• Task goal: Using the data beneath this instruction, retype only the lines from the one that contains "Personalized Initial Luggage" down to the one that contains "Experience thrilling wins", both included, exactly as they appear.

• Supplied data:
▬▬▬

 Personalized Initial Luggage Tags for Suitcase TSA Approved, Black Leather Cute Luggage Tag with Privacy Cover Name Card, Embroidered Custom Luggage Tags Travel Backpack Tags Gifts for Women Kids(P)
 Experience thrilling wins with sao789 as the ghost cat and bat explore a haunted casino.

▬▬▬

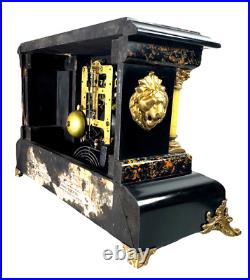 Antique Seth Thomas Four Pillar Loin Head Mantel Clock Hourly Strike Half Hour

▬▬▬

• Result of this task:
 Personalized Initial Luggage Tags for Suitcase TSA Approved, Black Leather Cute Luggage Tag with Privacy Cover Name Card, Embroidered Custom Luggage Tags Travel Backpack Tags Gifts for Women Kids(P)
 Experience thrilling wins with sao789 as the ghost cat and bat explore a haunted casino.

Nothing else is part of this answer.